What you are asked to do:
Give the data again exactly, without its images.

Data:
########

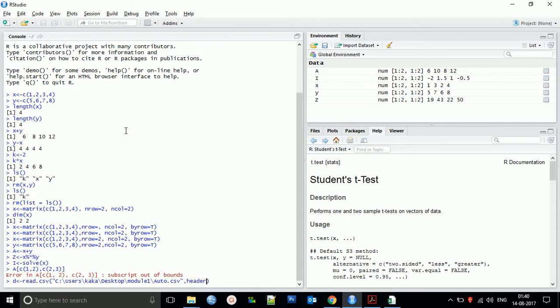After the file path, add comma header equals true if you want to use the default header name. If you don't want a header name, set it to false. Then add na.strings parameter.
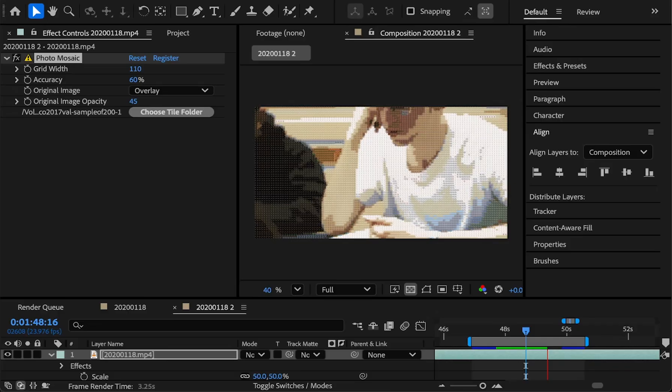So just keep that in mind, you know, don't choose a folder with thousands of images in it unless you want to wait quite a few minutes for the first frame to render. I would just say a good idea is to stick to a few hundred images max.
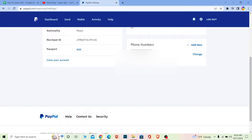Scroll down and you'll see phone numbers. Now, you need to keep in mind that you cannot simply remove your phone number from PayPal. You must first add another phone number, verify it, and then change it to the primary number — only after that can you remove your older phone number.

########

Written solution:
After the file path, add comma header equals true if you want to use the default header name. If you don't want a header name, set it to false. Then add na.strings parameter.
So just keep that in mind, you know, don't choose a folder with thousands of images in it unless you want to wait quite a few minutes for the first frame to render. I would just say a good idea is to stick to a few hundred images max.
Scroll down and you'll see phone numbers. Now, you need to keep in mind that you cannot simply remove your phone number from PayPal. You must first add another phone number, verify it, and then change it to the primary number — only after that can you remove your older phone number.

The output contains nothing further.